Instructions for the task. From the line containing "Who buys Winx’s" to the last line of the records, reproduce every line exactly and print nothing else.

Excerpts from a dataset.

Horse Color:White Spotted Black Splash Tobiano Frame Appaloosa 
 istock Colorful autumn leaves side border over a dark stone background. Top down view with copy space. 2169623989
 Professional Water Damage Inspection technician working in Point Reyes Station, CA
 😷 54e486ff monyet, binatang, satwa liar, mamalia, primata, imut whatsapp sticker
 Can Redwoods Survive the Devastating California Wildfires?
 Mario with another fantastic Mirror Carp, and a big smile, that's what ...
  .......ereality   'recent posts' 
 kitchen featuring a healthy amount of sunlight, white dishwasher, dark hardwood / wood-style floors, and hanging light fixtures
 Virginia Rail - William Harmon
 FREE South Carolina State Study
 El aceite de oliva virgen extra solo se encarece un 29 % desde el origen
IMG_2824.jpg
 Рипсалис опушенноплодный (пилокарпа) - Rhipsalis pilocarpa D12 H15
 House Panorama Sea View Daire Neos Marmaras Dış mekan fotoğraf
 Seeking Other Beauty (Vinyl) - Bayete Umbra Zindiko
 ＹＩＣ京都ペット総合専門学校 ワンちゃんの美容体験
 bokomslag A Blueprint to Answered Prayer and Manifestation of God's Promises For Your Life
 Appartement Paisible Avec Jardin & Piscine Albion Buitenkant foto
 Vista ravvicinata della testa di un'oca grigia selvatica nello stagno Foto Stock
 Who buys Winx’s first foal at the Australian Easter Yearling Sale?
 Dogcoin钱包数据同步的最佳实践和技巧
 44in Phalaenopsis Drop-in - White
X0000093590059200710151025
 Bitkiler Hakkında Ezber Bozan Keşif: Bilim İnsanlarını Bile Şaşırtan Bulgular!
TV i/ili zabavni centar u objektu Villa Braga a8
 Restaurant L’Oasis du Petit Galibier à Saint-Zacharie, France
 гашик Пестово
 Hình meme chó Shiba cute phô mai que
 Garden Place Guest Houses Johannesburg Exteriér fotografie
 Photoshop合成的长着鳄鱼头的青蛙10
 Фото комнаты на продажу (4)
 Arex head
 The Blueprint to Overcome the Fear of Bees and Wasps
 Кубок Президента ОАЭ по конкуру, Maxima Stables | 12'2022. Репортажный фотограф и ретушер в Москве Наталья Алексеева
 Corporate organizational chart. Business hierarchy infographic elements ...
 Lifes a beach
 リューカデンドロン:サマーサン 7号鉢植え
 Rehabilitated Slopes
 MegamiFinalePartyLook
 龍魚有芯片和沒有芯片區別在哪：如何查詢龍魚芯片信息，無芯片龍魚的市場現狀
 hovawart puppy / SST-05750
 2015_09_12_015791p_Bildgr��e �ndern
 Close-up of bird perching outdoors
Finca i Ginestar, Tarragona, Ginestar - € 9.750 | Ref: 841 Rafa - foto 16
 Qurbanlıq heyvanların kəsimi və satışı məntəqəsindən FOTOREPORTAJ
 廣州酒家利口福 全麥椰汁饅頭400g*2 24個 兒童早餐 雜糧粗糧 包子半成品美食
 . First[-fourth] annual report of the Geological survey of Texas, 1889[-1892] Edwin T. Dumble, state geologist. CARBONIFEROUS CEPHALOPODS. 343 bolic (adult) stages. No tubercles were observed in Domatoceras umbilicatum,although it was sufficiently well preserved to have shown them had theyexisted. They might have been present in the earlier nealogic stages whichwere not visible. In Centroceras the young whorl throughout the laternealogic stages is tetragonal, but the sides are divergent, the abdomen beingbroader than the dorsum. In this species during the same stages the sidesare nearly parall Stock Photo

Exercise response.
 Who buys Winx’s first foal at the Australian Easter Yearling Sale?
 Dogcoin钱包数据同步的最佳实践和技巧
 44in Phalaenopsis Drop-in - White
X0000093590059200710151025
 Bitkiler Hakkında Ezber Bozan Keşif: Bilim İnsanlarını Bile Şaşırtan Bulgular!
TV i/ili zabavni centar u objektu Villa Braga a8
 Restaurant L’Oasis du Petit Galibier à Saint-Zacharie, France
 гашик Пестово
 Hình meme chó Shiba cute phô mai que
 Garden Place Guest Houses Johannesburg Exteriér fotografie
 Photoshop合成的长着鳄鱼头的青蛙10
 Фото комнаты на продажу (4)
 Arex head
 The Blueprint to Overcome the Fear of Bees and Wasps
 Кубок Президента ОАЭ по конкуру, Maxima Stables | 12'2022. Репортажный фотограф и ретушер в Москве Наталья Алексеева
 Corporate organizational chart. Business hierarchy infographic elements ...
 Lifes a beach
 リューカデンドロン:サマーサン 7号鉢植え
 Rehabilitated Slopes
 MegamiFinalePartyLook
 龍魚有芯片和沒有芯片區別在哪：如何查詢龍魚芯片信息，無芯片龍魚的市場現狀
 hovawart puppy / SST-05750
 2015_09_12_015791p_Bildgr��e �ndern
 Close-up of bird perching outdoors
Finca i Ginestar, Tarragona, Ginestar - € 9.750 | Ref: 841 Rafa - foto 16
 Qurbanlıq heyvanların kəsimi və satışı məntəqəsindən FOTOREPORTAJ
 廣州酒家利口福 全麥椰汁饅頭400g*2 24個 兒童早餐 雜糧粗糧 包子半成品美食
 . First[-fourth] annual report of the Geological survey of Texas, 1889[-1892] Edwin T. Dumble, state geologist. CARBONIFEROUS CEPHALOPODS. 343 bolic (adult) stages. No tubercles were observed in Domatoceras umbilicatum,although it was sufficiently well preserved to have shown them had theyexisted. They might have been present in the earlier nealogic stages whichwere not visible. In Centroceras the young whorl throughout the laternealogic stages is tetragonal, but the sides are divergent, the abdomen beingbroader than the dorsum. In this species during the same stages the sidesare nearly parall Stock Photo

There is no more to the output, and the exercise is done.